Maalexi is developing what it describes as the world’s first regulated real-world asset (RWA) agricultural exchange, designed to improve verification, standardisation, and transparency in cross-border agricultural trade.

“At Tawuniya, we back businesses that strengthen financial infrastructure and improve market resilience,” said Fahad Bin Muammar, Chief Investment Officer of Tawuniya.

“Maalexi has built a disciplined, risk-focused platform that connects physical agricultural trade with emerging digital asset infrastructure. We believe its regulated exchange model can improve transparency, efficiency and market access across global agricultural trade.”

“This funding round marks an important milestone for Maalexi,” said Dr. Azam Pasha, Co-founder and CEO of Maalexi.

“Tawuniya’s leadership reflects growing institutional confidence in our platform and the opportunity to modernise agricultural trade infrastructure. Over the past three years, we have demonstrated that physical agricultural trade can be verified, standardised, and executed with lower risk. We are now building the exchange layer on top of that foundation.”

Over 36 months of live operations, Maalexi has built a verification and risk management layer for physical agricultural trade, reporting measurable results across four markets—the UAE, Saudi Arabia, India, and the United States—including a 70% repeat customer rate and more than 4,000 smart contracts executed, recorded on the Avalanche L1 blockchain.
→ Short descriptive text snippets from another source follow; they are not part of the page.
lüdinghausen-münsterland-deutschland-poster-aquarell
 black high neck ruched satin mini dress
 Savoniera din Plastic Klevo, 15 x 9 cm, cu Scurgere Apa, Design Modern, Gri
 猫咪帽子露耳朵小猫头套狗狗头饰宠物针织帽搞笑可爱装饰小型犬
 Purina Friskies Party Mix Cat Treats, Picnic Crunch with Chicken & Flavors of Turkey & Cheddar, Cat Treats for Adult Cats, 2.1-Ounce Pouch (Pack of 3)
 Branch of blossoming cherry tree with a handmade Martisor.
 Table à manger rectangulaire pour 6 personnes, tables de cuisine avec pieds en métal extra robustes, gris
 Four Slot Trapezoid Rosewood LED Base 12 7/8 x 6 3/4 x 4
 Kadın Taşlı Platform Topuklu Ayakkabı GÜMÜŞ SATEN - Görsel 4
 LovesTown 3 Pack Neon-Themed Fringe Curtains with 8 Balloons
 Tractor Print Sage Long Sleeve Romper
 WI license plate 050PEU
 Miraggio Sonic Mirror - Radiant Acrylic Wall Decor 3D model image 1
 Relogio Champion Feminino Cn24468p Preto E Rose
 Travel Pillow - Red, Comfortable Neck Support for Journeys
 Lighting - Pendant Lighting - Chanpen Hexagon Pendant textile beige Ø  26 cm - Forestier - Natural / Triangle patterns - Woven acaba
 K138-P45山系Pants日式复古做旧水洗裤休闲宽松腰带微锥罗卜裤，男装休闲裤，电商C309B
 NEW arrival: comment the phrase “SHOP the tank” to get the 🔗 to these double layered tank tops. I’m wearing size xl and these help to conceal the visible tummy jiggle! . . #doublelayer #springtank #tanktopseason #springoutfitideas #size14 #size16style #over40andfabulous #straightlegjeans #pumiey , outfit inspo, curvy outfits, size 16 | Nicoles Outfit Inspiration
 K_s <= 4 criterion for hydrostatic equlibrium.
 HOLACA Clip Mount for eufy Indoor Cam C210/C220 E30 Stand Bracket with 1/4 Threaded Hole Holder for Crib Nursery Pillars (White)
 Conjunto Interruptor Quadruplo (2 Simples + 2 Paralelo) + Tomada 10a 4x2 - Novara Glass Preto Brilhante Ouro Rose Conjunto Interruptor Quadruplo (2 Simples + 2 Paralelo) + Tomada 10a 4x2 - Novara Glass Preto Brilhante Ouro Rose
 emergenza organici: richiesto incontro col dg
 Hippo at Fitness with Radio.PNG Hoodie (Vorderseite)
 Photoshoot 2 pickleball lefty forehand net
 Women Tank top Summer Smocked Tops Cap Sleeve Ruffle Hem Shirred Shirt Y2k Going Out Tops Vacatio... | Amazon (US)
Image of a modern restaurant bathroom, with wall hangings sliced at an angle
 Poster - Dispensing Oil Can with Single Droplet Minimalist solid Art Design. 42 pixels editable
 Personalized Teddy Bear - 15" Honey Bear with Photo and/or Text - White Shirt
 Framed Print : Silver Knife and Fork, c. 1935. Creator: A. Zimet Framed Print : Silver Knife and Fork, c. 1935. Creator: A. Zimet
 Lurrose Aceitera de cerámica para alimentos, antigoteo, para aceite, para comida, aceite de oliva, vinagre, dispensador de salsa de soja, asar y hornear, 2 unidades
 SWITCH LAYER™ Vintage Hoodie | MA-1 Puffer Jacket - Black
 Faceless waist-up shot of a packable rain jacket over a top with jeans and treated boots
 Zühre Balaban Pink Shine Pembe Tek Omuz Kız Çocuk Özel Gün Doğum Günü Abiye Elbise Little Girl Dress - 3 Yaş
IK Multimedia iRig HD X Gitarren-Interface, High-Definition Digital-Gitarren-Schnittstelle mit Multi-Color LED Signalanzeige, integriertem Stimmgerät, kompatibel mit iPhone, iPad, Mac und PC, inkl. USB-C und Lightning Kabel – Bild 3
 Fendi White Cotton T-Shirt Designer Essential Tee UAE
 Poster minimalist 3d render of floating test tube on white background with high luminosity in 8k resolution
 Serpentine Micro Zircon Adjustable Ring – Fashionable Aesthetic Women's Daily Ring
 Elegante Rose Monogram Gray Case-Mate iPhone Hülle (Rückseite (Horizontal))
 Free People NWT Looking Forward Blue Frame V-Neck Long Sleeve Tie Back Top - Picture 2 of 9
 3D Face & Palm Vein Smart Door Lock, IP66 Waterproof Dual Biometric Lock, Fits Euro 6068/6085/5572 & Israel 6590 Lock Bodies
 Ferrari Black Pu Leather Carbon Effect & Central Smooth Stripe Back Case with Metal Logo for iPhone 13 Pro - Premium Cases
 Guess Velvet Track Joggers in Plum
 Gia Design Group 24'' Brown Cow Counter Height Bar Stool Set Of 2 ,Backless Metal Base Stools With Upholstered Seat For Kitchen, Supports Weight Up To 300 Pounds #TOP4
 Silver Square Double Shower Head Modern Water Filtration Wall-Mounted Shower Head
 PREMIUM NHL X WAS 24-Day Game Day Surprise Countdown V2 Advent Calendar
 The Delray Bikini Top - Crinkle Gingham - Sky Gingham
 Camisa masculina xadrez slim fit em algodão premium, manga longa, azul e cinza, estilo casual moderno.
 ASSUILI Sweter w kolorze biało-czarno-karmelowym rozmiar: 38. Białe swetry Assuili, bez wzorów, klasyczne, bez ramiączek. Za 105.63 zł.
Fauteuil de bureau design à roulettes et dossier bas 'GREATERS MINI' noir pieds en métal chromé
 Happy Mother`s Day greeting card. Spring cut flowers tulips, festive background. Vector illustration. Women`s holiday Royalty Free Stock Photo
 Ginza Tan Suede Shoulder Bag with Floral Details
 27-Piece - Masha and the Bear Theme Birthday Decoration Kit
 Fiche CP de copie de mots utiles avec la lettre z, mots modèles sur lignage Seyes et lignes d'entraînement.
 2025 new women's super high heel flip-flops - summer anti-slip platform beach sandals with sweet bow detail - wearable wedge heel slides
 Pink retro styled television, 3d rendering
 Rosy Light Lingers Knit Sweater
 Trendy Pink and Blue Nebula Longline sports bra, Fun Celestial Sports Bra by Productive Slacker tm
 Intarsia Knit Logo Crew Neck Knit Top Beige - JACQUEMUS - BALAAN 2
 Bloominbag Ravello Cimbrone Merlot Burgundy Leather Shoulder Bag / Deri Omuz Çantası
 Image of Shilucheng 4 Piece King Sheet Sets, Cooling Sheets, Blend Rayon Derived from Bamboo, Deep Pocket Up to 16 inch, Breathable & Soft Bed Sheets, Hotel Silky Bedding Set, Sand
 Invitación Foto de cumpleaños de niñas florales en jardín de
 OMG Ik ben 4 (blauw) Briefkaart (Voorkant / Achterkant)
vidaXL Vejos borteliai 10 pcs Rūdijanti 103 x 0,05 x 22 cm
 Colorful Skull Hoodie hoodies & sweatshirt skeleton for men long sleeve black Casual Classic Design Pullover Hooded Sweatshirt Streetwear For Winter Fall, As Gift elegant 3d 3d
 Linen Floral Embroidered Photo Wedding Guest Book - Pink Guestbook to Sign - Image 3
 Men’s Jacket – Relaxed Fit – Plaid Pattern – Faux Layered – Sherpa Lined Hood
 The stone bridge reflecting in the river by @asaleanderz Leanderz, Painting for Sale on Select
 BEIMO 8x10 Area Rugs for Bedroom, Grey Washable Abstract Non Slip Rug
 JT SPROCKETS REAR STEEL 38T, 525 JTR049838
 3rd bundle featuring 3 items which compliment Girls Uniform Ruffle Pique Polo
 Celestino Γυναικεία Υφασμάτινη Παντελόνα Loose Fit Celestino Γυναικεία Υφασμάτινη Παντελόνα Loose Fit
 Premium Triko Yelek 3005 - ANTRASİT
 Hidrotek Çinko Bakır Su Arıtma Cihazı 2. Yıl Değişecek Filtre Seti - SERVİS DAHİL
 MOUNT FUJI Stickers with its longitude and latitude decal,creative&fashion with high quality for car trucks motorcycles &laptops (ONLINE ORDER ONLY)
The company has also published three patents with the USPTO, with three more currently under review this year.

Maalexi says this operational base underpins its exchange model. It argues that cross-border agricultural commodity markets have historically lacked a viable exchange framework due to fragmented supply chains, limited verification, and a lack of standardisation in physical trade.